In Doe v. Superior Court (Mountain View School District), the Supreme Court today interprets several Evidence Code statutes as requiring careful assessments when a court is asked to override a general shield for plaintiffs in sexual harassment, assault, and battery cases from the introduction of evidence of their sexual conduct. The decision directs a superior court to reevaluate its ruling, in a case against a school district for negligently supervising a teacher who molested a fourth grader, that allowed evidence of a molestation two years later by someone else to be used to limit emotional distress damages attributable to the teacher’s misconduct.

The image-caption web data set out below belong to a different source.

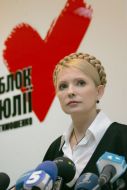 Пресс-конференция Тимошенко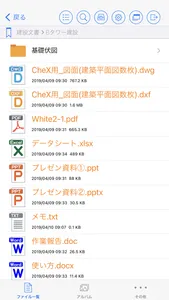 CheX（チェクロス） screenshot 1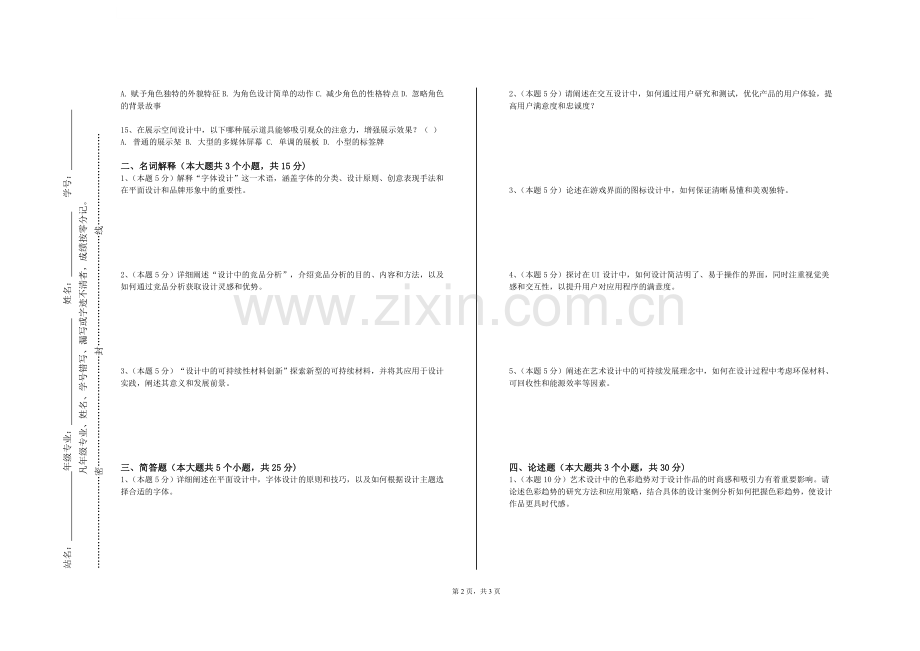 漯河食品职业学院《公共艺术与设计基础一》2023-2024学年第一学期期末试卷.doc_第2页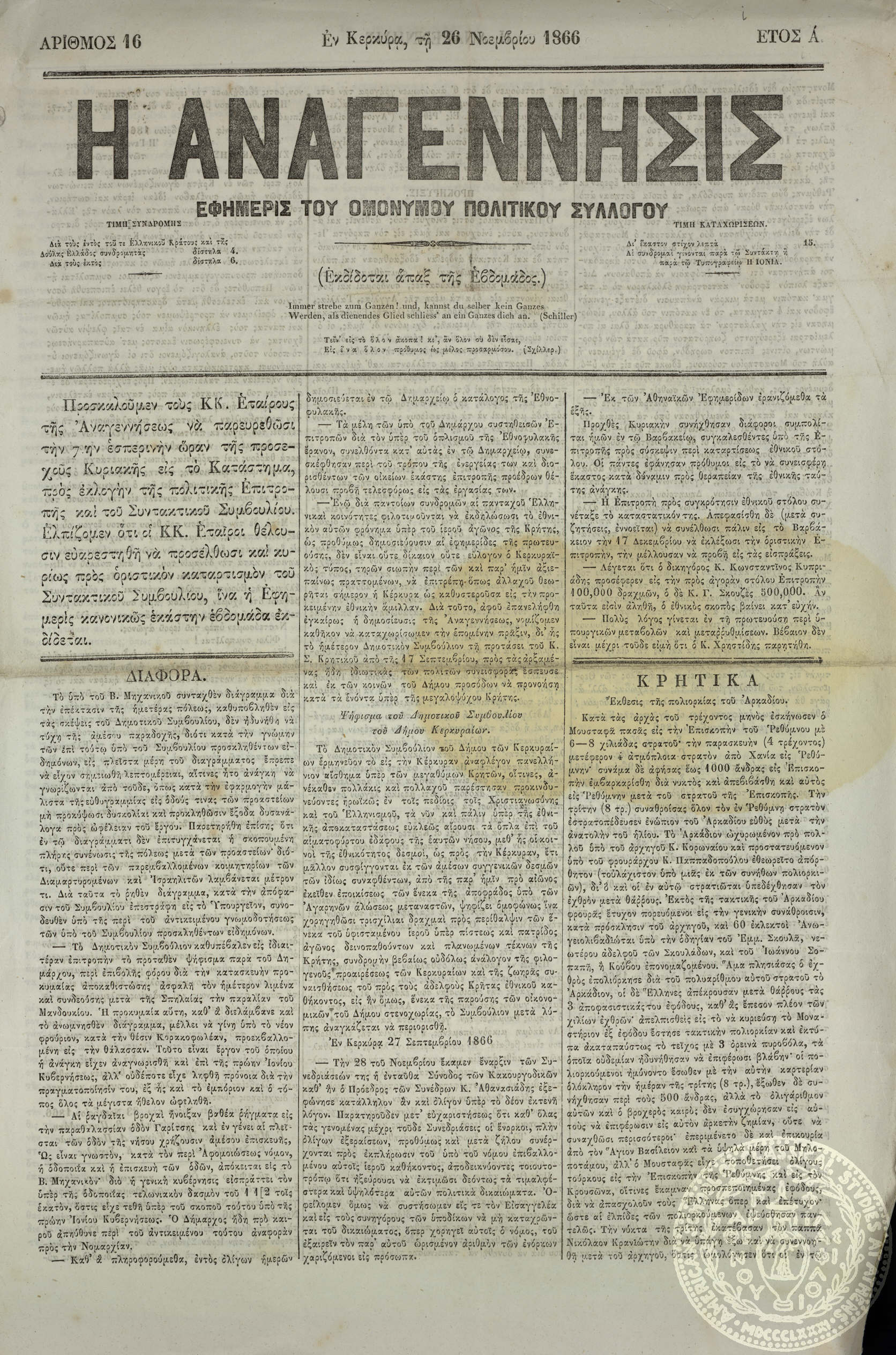 Η αναγέννησις.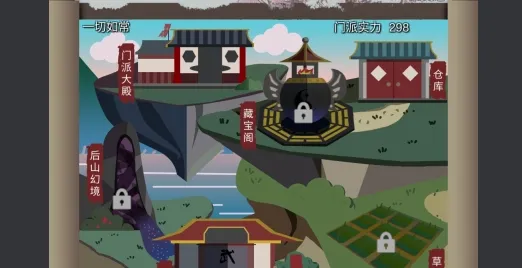 ��������(�������ɾ�Ӫ��Ϸ)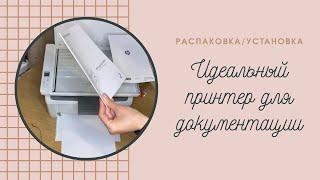 Распаковка и установка принтера/сканера HP Lazer Jet M141w | Лучший принтер для документации!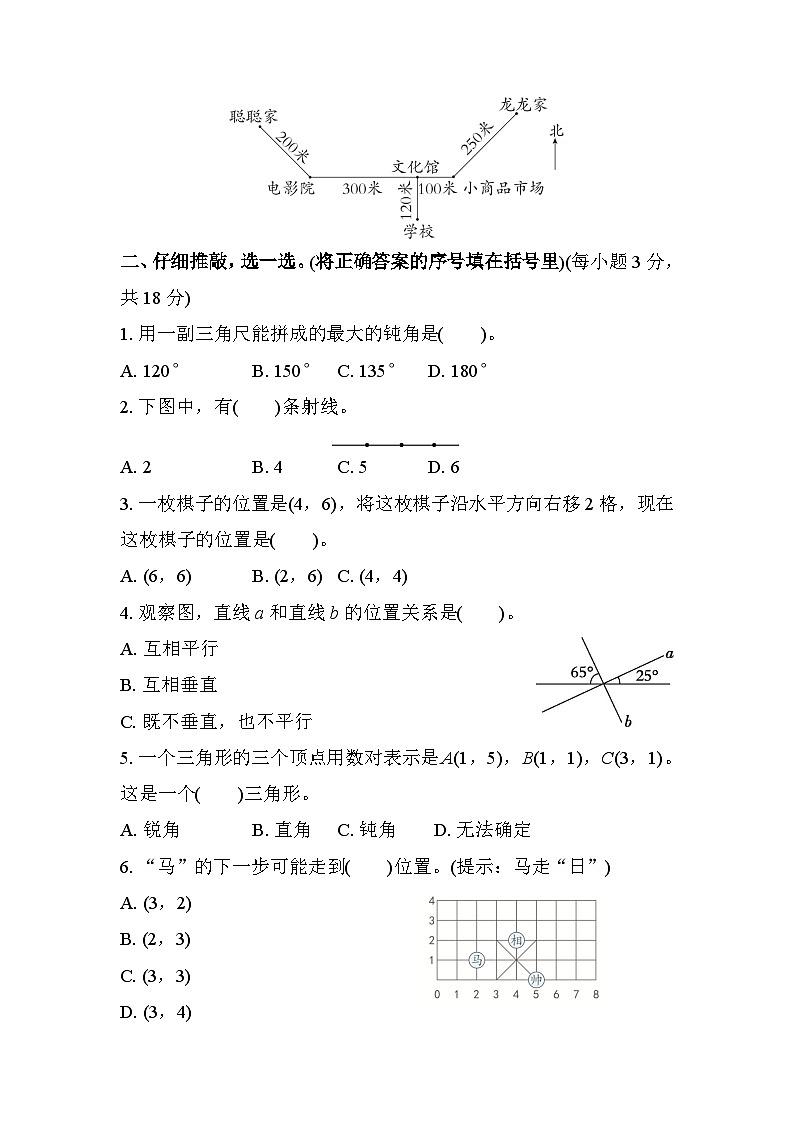 北师大版数学四上 几何与统计（期末测评含答案）02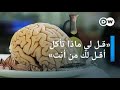 وثائقي تأثير الطعام على الدماغ و السلوك الإجتماعي للأطفال و الكبار 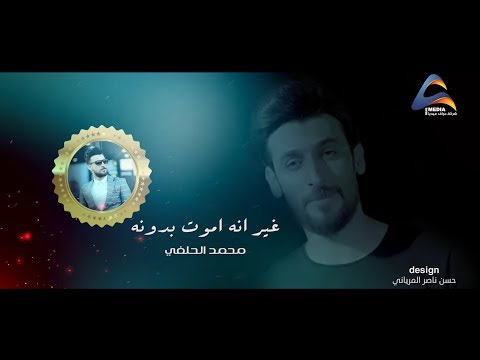 محمد الحلفي  غير انه اموت بدونه  قصيده ولا أروع منهه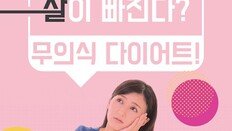 [Magazine D/카드뉴스]생각만으로도 살이 빠진다? 무의식 다이어트!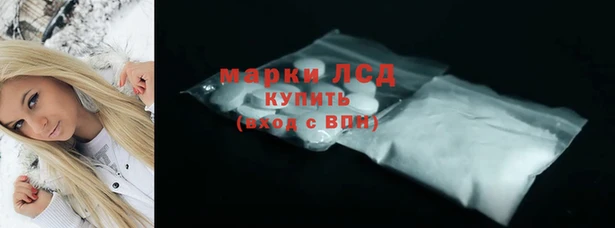 МДПВ Беломорск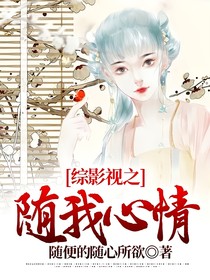 综影视之随我心情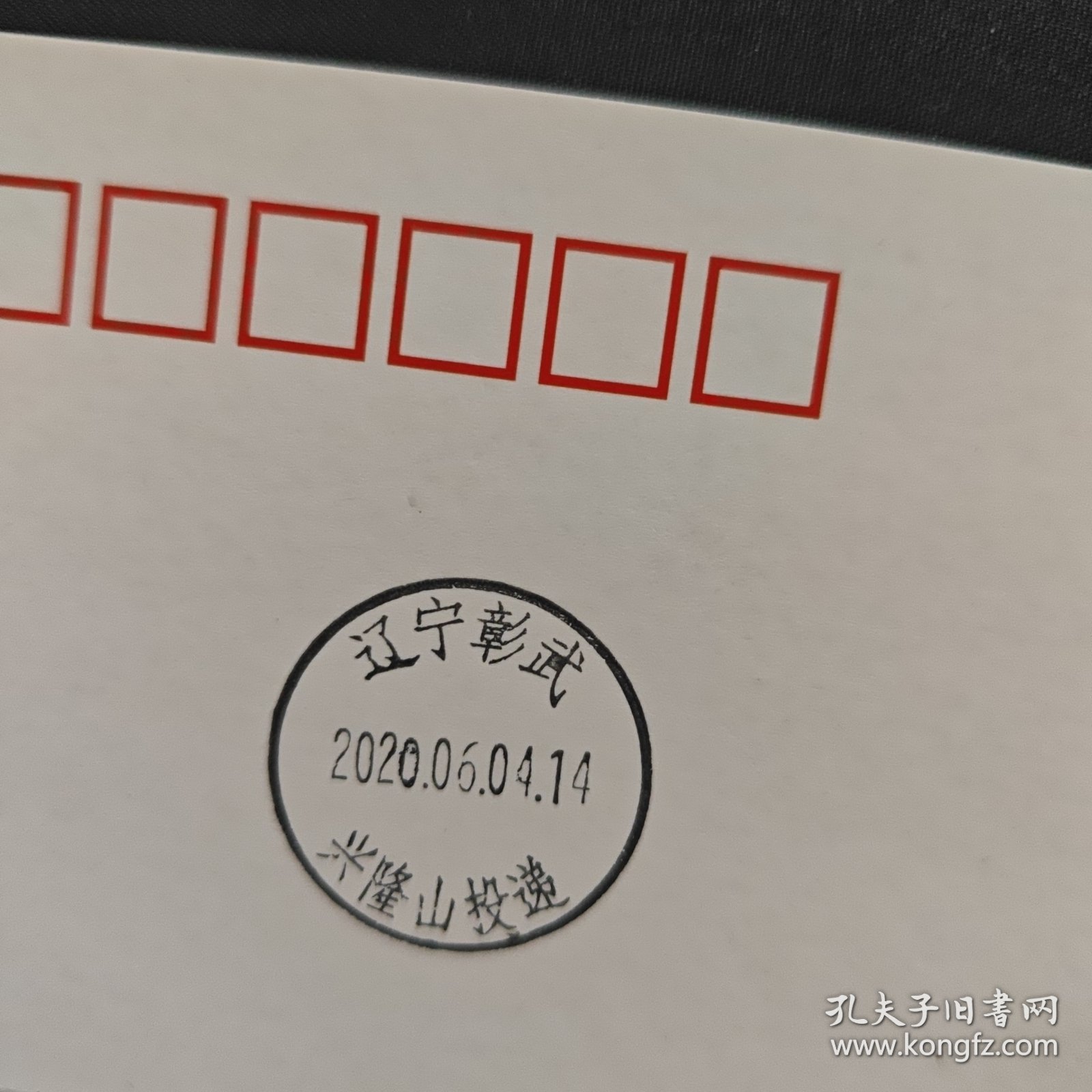 2020年“万众一心”普通邮资明信片首日实寄 明信片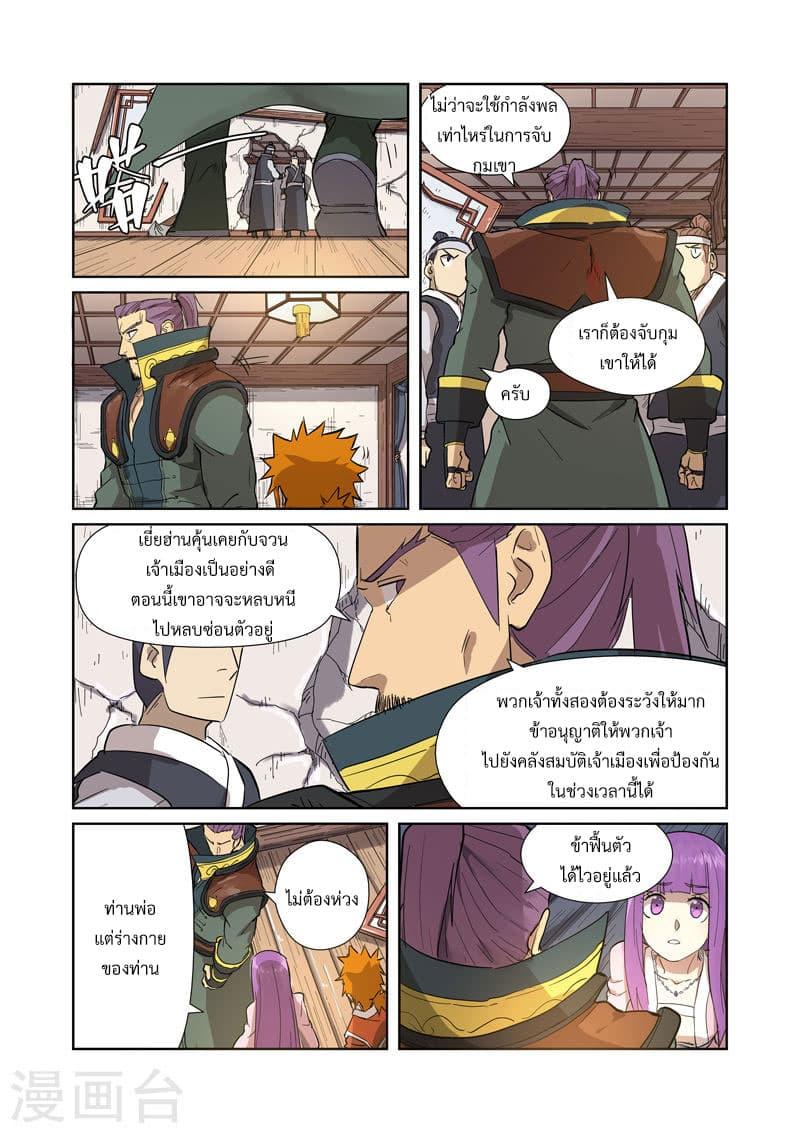 Manga-lc-com อ่านมังงะ อ่านการ์ตูน ออนไลน์ ฟรี Tales of Demons and Gods ตอนที่ 1 2 3 4 5 6 7 8 9 10 11 12 13 14 ฟรี ไม่มีโฆษณา Manga-lc - อ่าน มังงะ อ่าน การ์ตูน ออนไลน์ อ่านมังงะ ฟรี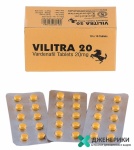 Vilitra 20 мг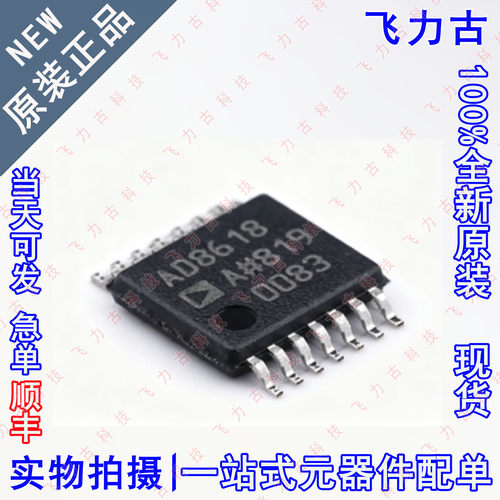 全新原装 AD8618ARUZ AD8618A AD8618A TSSOP14 运算放大器 芯片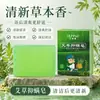 Jabón de Ajenjo Yilina Anti-Ácaros para Baño y Limpieza Facial, Eliminación de Ácaros, Control de Grasa, Limpieza Corporal, Jabón de Baño Unisex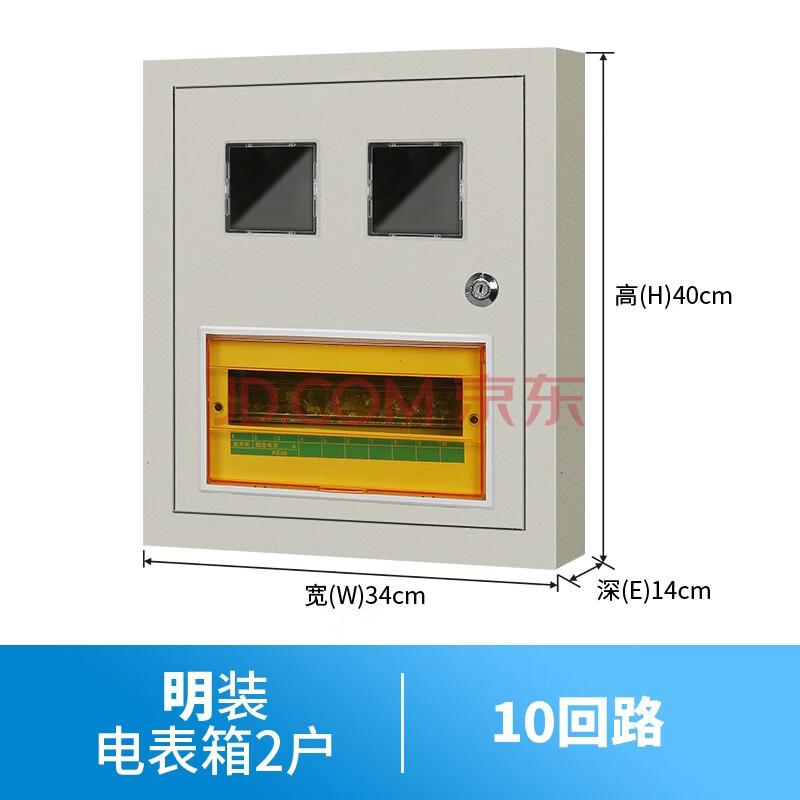 格驰gcdqcn家用pz40电表箱1单相2明装3暗装嵌入式5出租房6插卡式8位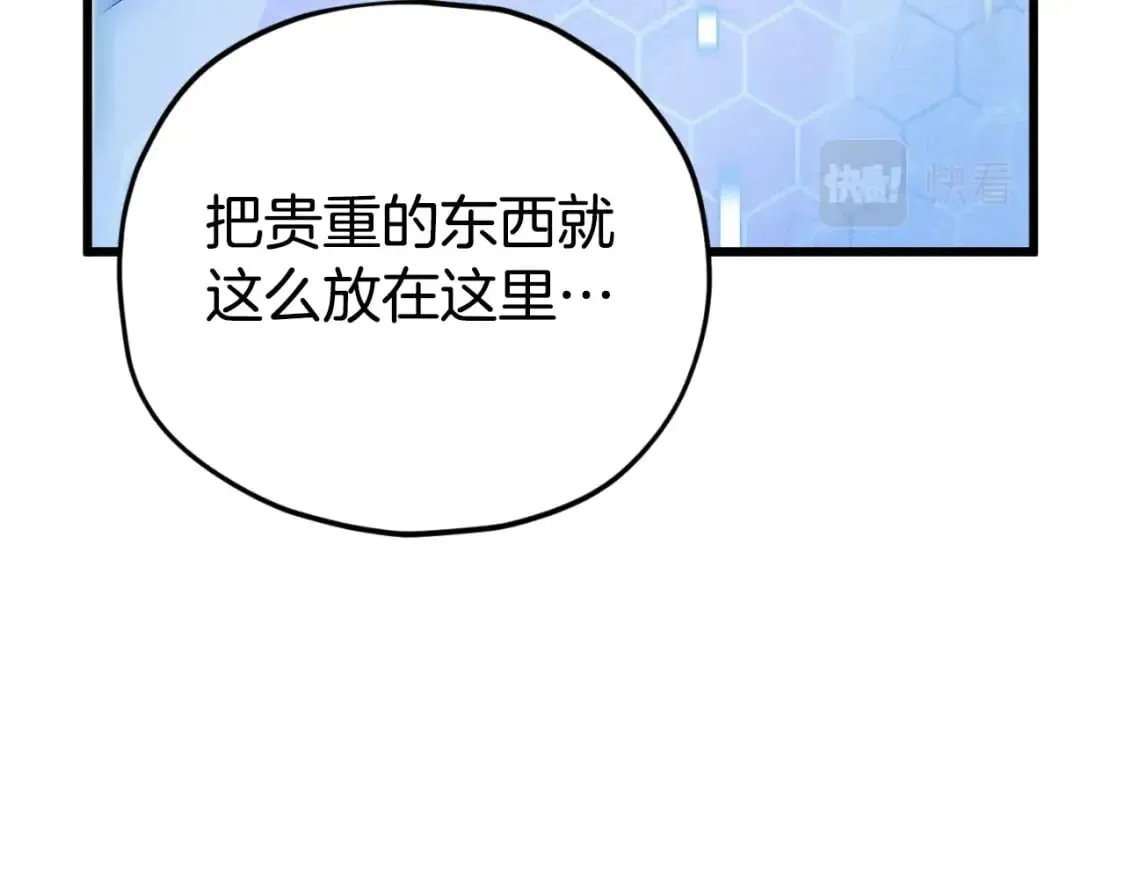 第134话 天魔大人 第111页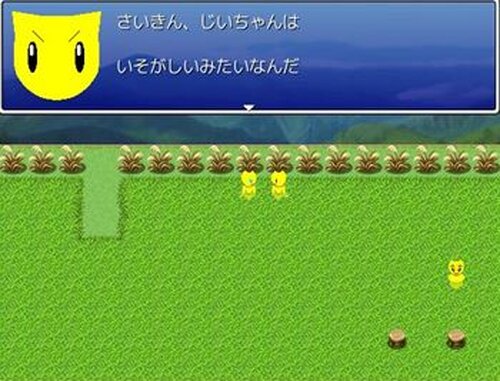 のんきなコンちゃん～クロとゼロ～ Game Screen Shots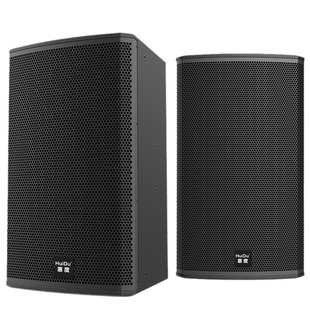 HuiDu MS-10 Professional Performance HIFI Audio Large and Small Conference Room Dedicated Full-range Speaker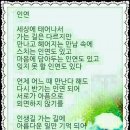 흰구름 이미지
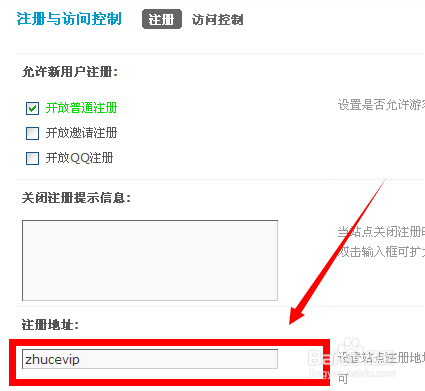 手机论坛源码（手机论坛的版主叫什么）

The court’s unanimous opinion by Chief Justice Patricia Guerrero says that one statute “protect[s] against unwarranted intrusion into the private life of a plaintiff who sues for sexual assault, by identifying and circumscribing evidence that may be admitted to attack such a person’s credibility” and another statute “requires special informed review and scrutiny, designed to protect such a plaintiff’s privacy rights and to limit the introduction of evidence concerning such a person’s sexual conduct.” The court concludes that the superior court’s analysis left the plaintiff “in danger of what [one] statute was designed to avoid — unjustified and uncircumscribed intrusion into her privacy in the immediate presence of the jury.”

The court reverses the Second District, Division Two, Court of Appeal, published opinion.